CHICAGO — Hurt. Confused. A bit angry. That's how Warriors forward Corey Maggette said he feels about his home fans booing him, which has been the case of late at Oracle Arena.
"It's not pleasant at all," Maggette said. "I remember the time when Al Harrington was here, and he was getting booed and he was asking to be traded. And I saw it when (Stephen Jackson) was here, and he was asking to be traded. And now, I'm getting booed for wanting to be part of this team through all this nonsense."
Then, he breathes, and he remembers. See, for Maggette, this is not so much about his relationship with the fans as it is yet another inner tussle. It's the latest in a career of challenges to his developing character, in a series of spiritual obstacles that eventually, he prays, will make him into the complete person.
Maggette may have a physique that looks like something cut and pasted from Men's Health: 6-foot-6, 225 pounds, chiseled and boasting the body fat of a Chihuahua. But it's mental fortitude on which he prides himself most.
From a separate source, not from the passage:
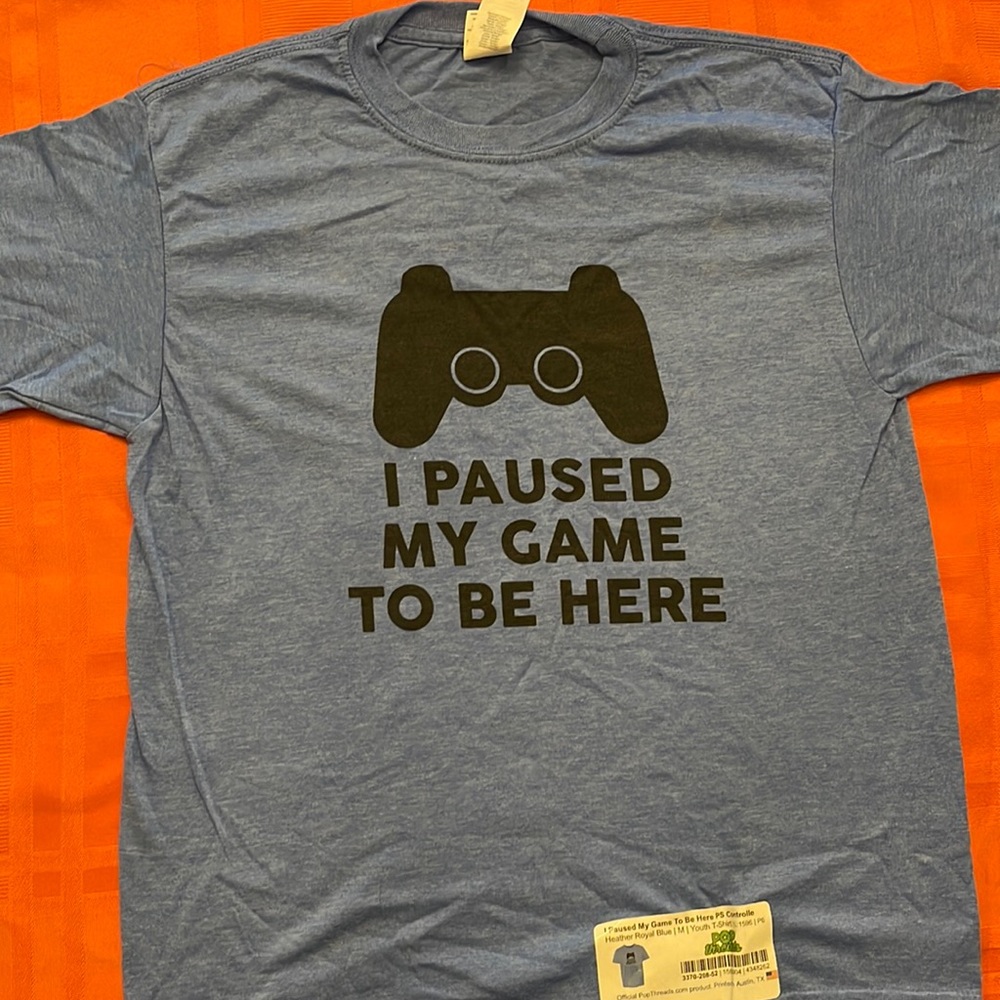 I Paused My Game to be Here Youth Heather Royal Blue Shirt Size Medium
The negative attention he got for being Duke's first one-and-done. His reputation for being selfish. His propensity for injury. Even the current struggles of the Warriors. Maggette views them all as training to build the kind of strength others can't see. It's times like today, when he can return home to the Chicago, that Maggette remembers where he gets the wherewithal to repeatedly power through.
Maggette's been fighting perceptions since he was an adolescent.
Though he grew up on the west side of Chicago, in Melrose Park, Ill., Maggette got into Fenwick High in suburban Oak Park. Think "Finding Forrester," the 2000 movie featuring Sean Connery about a young, African-American from the 'hood who wound up playing ball for a prestigious, Ivy League-type of high school.
Maggette was that kid, trying to keep up, to show he was more than an athlete, to show he wasn't a sellout.
The struggle continued at Duke, after he was a three-time Parade All-American at Fenwick. Maggette bolted for the NBA after one season with the Blue Devils. He was considered part of what was wrong with young ballplayers having been among the first to leave Duke early, especially after it surfaced that he took cash payments from AAU coach Myron Piggee.
So by the time he got into the professional ranks and became a bona fide scorer in the NBA, it was easy to label him as selfish. Sure, Maggette has been on one winning team in 10-plus seasons and he averages 2.2 assists for his career.
But him? Selfish?
"I don't think he's selfish at all," guard Monta Ellis said. "He tries to make plays for others. He tries to get everybody involved. He tries to do what's best for the team. With anybody, when your play is called for you, that's your play. Him selfish? Naw, I wouldn't say that."
Maggette often wonders how is he selfish for sacrificing his body to give his team easy points, and for mixing it up on the boards, and for playing through injuries, and for willingly coming off the bench.
The Warriors' youngsters don't think he's selfish. They've gotten too much from Maggette in the form of advice, dinner, gifts. No one more than guard Anthony Morrow.
When Morrow was waiting for his car to arrive, Maggette let him borrow his 2009 Mercedes for a week. During Morrow's rookie year, Maggette allowed everyone to pick an item from the Louis Vuitton catalog as a gift. Morrow still has the shoes he got.
Maggette said the appreciation of his family, friends and teammates is sufficient. He said he is growing such that he doesn't see jabs at him as attacks anymore. Instead, they are tests of his faith.
They all are. The talk about the five-year, $50 million contract he signed with the Warriors in 2008 being too much. The fact that he's never played a full season. The clashes with coach Mike Dunleavy when he was with the Los Angeles Clippers. And, yes, his being booed at home every time he misses a jumper.
They all serve as opportunities for even more development. Cross training for the soul.
"It's been a big thing for me to always try to prove people wrong," said Maggette, whose Corey Cares Foundation is bringing 20 children from his old neighborhood to the game tonight. "I just need to endure what's going on. It's a spiritual battle. I know there's a light at the end of the tunnel. I'm going to press on. It's a fight. That's how you've got to look at it. It's a fight. In the beginning, I didn't understand it. Sometimes I still don't. But I've got to understand that and keep moving."